What is expected >>
Return the lines of the data below starting at the one holding "Take 'n Pay" and ending at the one holding "2023 POLARIS RANGER", word for word, leaving every picture out.

Data for this exercise >>

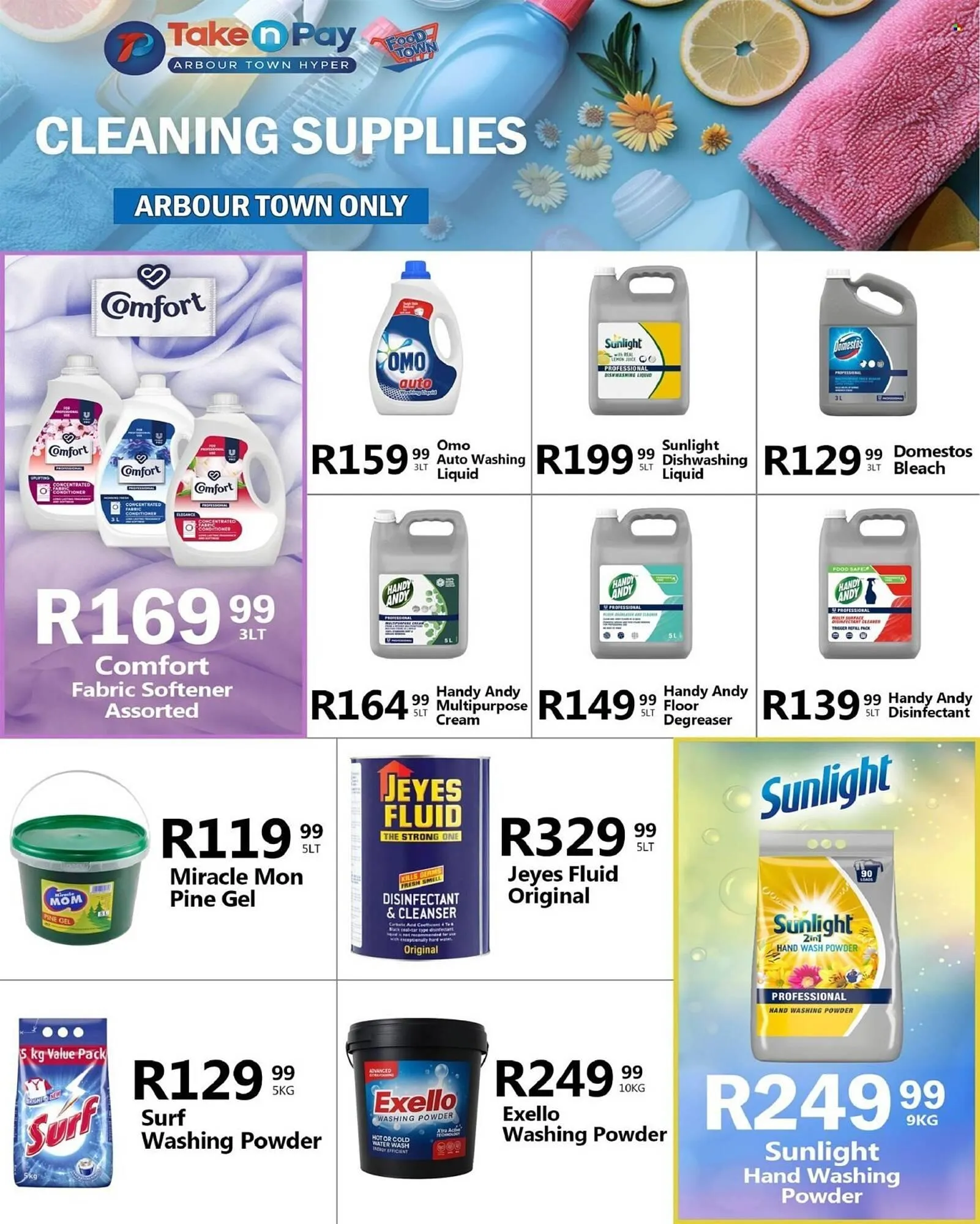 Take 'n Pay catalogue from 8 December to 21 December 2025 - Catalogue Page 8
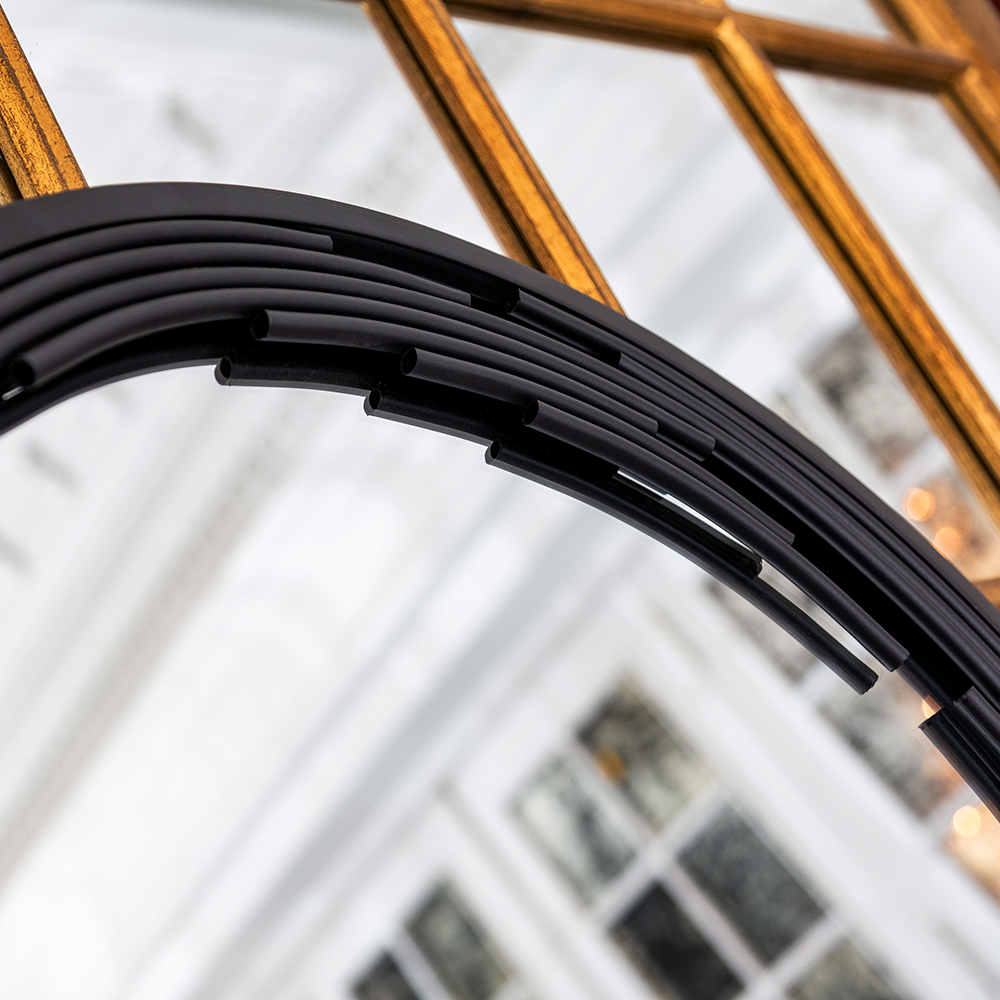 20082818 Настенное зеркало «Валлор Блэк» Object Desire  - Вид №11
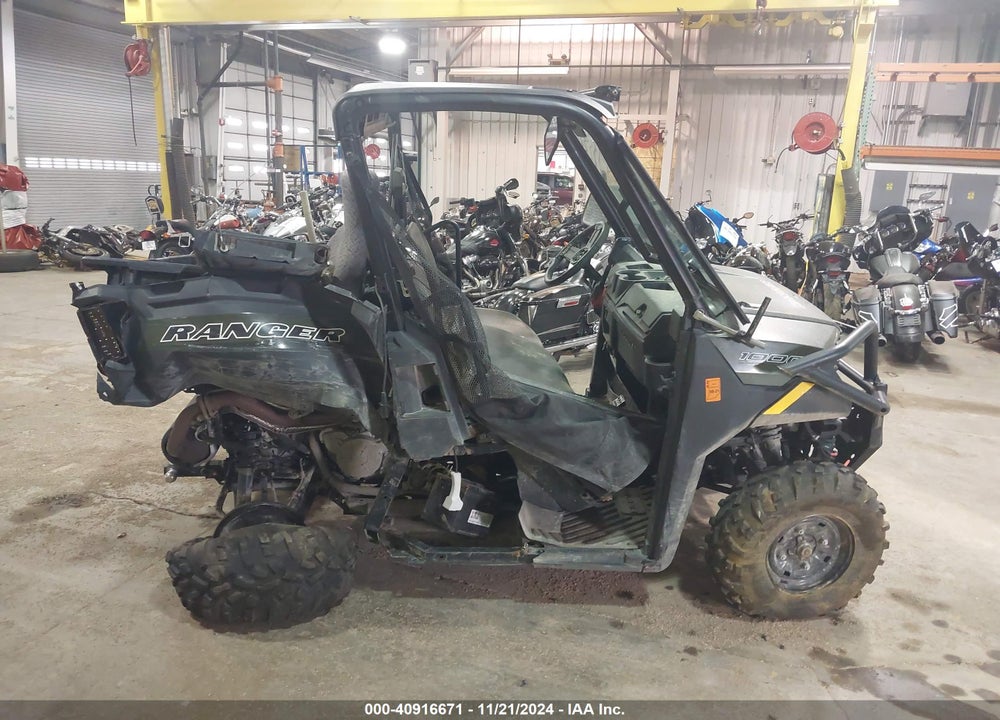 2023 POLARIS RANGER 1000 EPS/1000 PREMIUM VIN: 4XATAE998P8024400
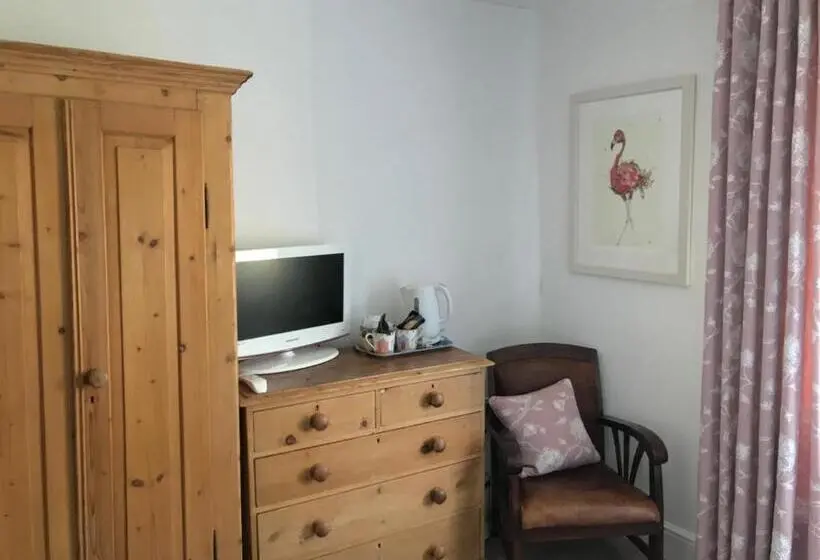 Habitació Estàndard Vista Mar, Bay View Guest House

...

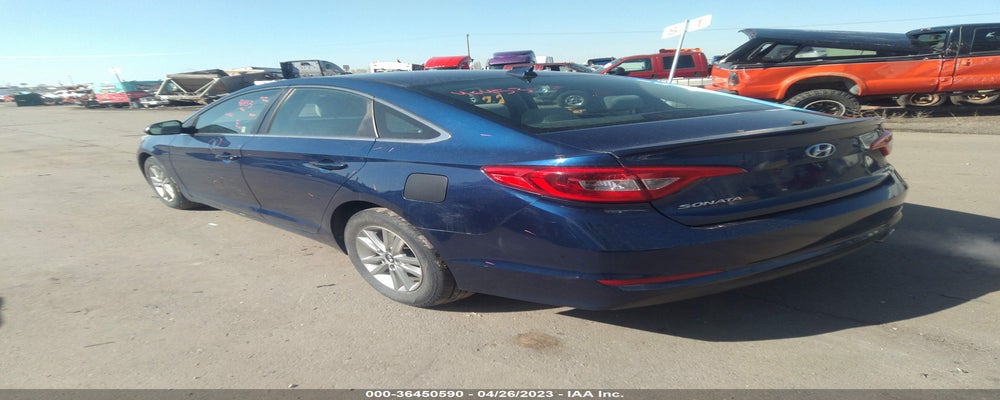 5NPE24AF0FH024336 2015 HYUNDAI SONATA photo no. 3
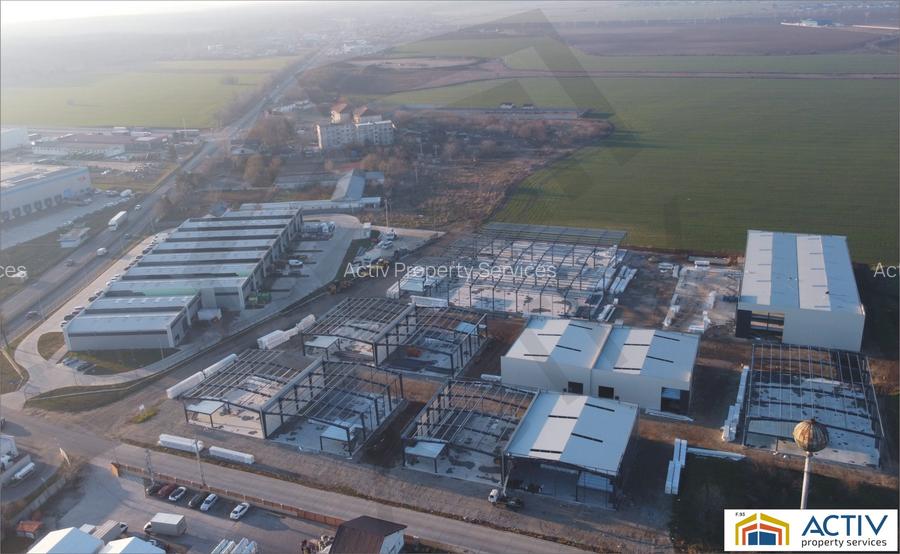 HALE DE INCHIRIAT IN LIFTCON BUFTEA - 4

Answer to this problem >>
 Take 'n Pay catalogue from 8 December to 21 December 2025 - Catalogue Page 8
 20082818 Настенное зеркало «Валлор Блэк» Object Desire  - Вид №11
 2023 POLARIS RANGER 1000 EPS/1000 PREMIUM VIN: 4XATAE998P8024400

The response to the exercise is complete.